Control visibility and editability of specific fields — readable/editable rules, hidden vs. read-only semantics, and server-side enforcement of declared rules.

Field-Level Security

Control visibility and editability of specific fields.

Field Permissions in Permission Sets

Field permissions are keyed <object>.<field> and use readable / editable:

fields: {
  // Read-only: visible but not editable
  'account.annual_revenue': { readable: true, editable: false },
  'account.description': { readable: true, editable: true },
  // Hidden: not visible at all
  'account.ssn': { readable: false, editable: false },
  'opportunity.amount': { readable: true, editable: true },
  'opportunity.probability': { readable: true, editable: false },
}

Hidden vs.
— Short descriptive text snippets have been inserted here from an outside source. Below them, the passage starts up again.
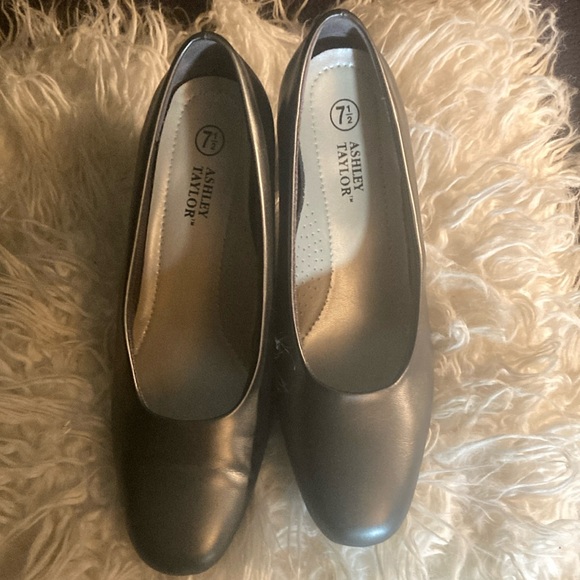 New Women’s Ashley Taylor’s Gray Dress Pumps
7 1/2. - Picture 2 of 10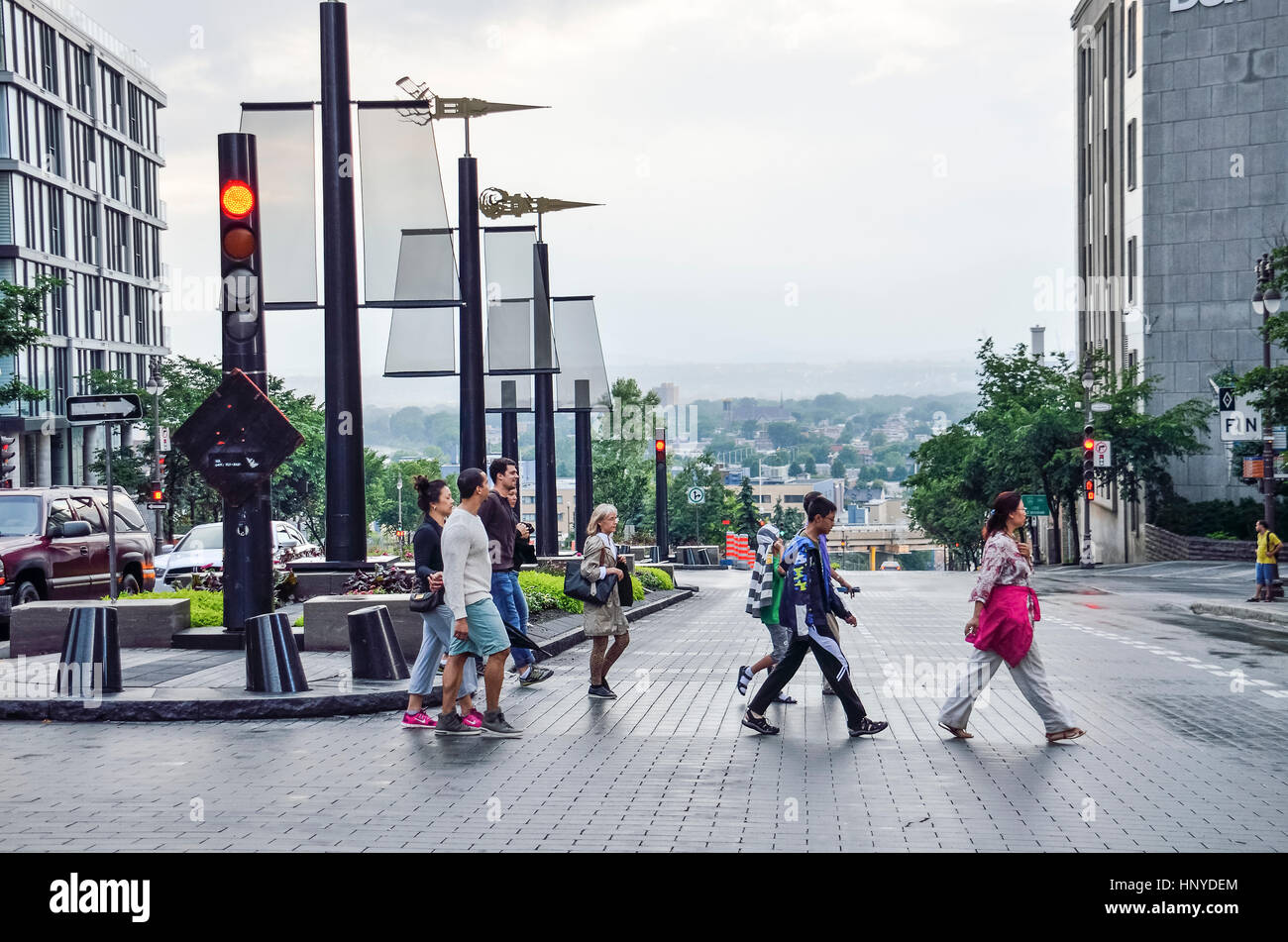 La Ciudad de Quebec, Canadá - Julio 27, 2014: la gente que cruza la calle en la colina con vistas de los suburbios Foto de stock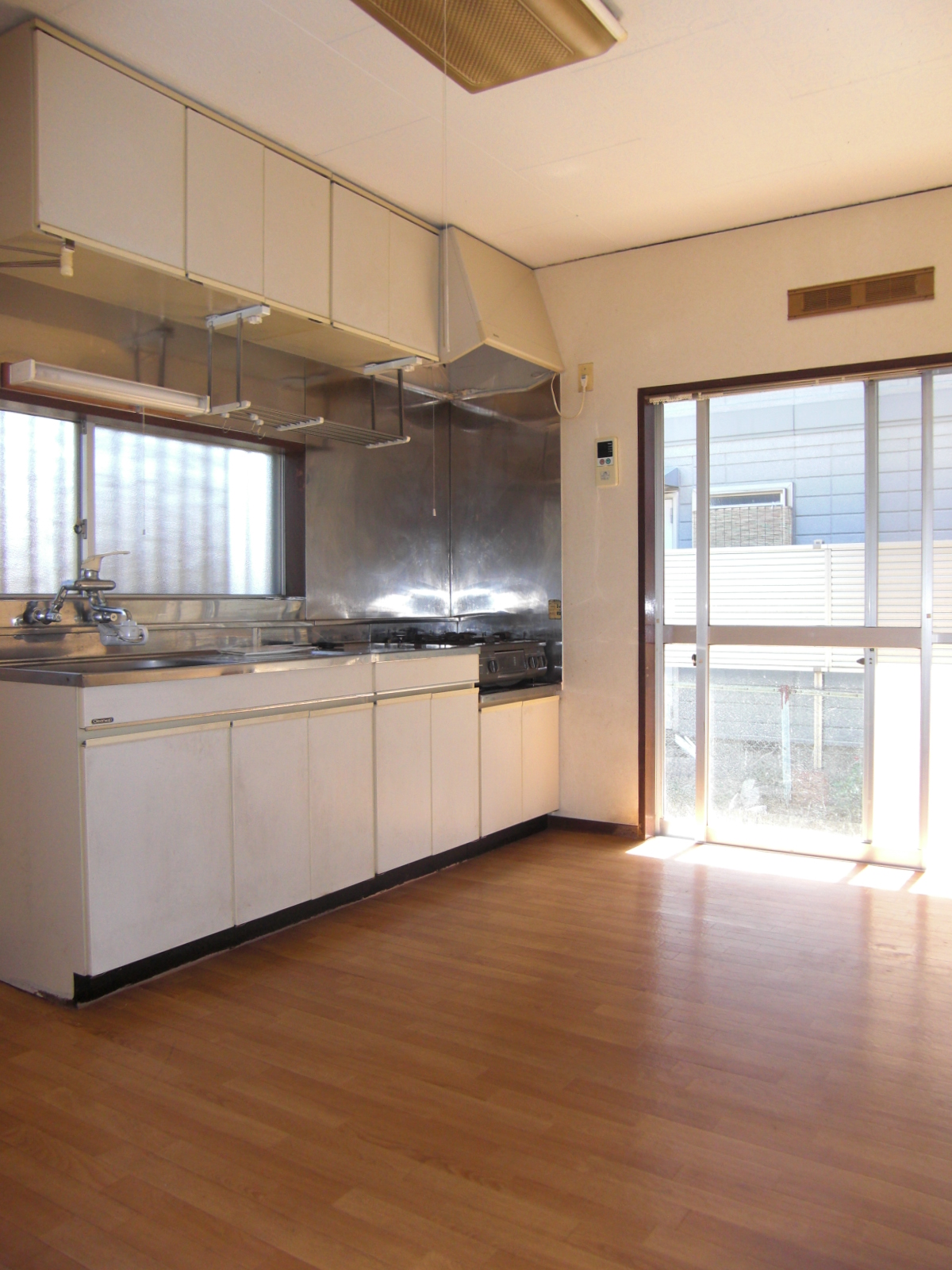 Kitchen. Sunny! Bright living room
Read-Only

// Hidden: Field not visible at all
{ readable: false, editable: false }

// Read-Only: Field visible but not editable
{ readable: true, editable: false }

// Editable: Field visible and editable
{ readable: true, editable: true }

Server-side enforcement of declared rules

The client-side ObjectForm / inline grid hides non-editable fields from the UI — but that is a UX layer only. The SecurityPlugin middleware enforces field-level write rules on the server, regardless of how the request arrived (REST, GraphQL, raw ObjectQL call).

On readfind / findOne results have non-readable fields stripped from every record before the response leaves the engine.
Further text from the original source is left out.